Here are a couple thoughts on my part:
1) It's important to recognize that the whole "efficiency" thing isn't just about whacking whole departments, it's about cutting out the bloat
within departments. It's also about eliminating politically-motivated procurement requirements or incentives that drive costs higher, e.g. preferences for minority- or woman- or veteran-owned vendors. I would argue that
anything DEI-related (like
this or
this or
this or
this, at salaries nearing $200k/year(!)) needs to go. At best, it's a waste of money IMO, and at worst, it actively destroys productivity and morale. The lions share of anything social-media or PR-related can likely go as well. Use-it-or-lose-it budgets need to go away. Procurement needs to be streamlined. How many hundreds of billions of dollars were wasted or defrauded during the pandemic?
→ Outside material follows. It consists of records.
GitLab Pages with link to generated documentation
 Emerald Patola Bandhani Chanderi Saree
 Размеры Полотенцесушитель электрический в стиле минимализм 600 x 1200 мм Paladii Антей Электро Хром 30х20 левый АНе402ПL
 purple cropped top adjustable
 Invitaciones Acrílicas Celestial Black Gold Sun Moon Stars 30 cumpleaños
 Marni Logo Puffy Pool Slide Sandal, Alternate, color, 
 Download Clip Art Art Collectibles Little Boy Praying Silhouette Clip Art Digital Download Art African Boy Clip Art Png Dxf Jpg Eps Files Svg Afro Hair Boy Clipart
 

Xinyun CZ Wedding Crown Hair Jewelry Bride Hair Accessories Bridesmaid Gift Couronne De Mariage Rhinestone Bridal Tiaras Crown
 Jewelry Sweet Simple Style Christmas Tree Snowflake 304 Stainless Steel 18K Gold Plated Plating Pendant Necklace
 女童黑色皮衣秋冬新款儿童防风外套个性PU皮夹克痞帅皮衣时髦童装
2) What departments or major spending should go? Definitely Education is a valid target. You're going to have to work
really hard to convince me of the
net benefit of the federal DoE. They take tax dollars in, dole taxpayer dollars out, and employ a bunch of people in the process. Taxpayer-subsidized student loans are
definitely on the menu. They subsidize
college attendance, not graduation or marketable skills or knowledge, and have contributed to the tremendous inflation in college costs over the past 50 years. Housing can go, as can much of Transportation. The fact that my town of 30,000 residents is waiting for a federal handout to widen a local road is just stupid. The management of roads needs to be pushed to more local levels of government. Department of Labor, too.
3) The military is a bit of a mess. Too much brass, too many pet projects, too much bureaucracy in procurement. Too many cooks in the kitchen, too many pie-in-the-sky dreams driving unreasonable requirements. A friend who worked on a particular fighter jet told me that there was a senator who wanted his rather petite granddaughter to be able to fly a new fighter design. The cost to re-engineer just one of the fighter's systems to accommodate her physiology was in the eight figures. The process of procuring an existing, off-the-shelf product is stupidly complex--one part of the organization says they want it, another has to write up requirements saying "we need a device that does X, Y, and Z," a third department then takes those requirements and then looks around to see if such a widget exists, a fourth department controls the money, and a fifth has to do the approvals, and nobody wants to stick their neck out.
All that said, US military spending is near its
lowest level, as a share of GDP, in nearly a century. The only time our military spending has been lower (as a share of GDP) was in the few years leading up to 9/11.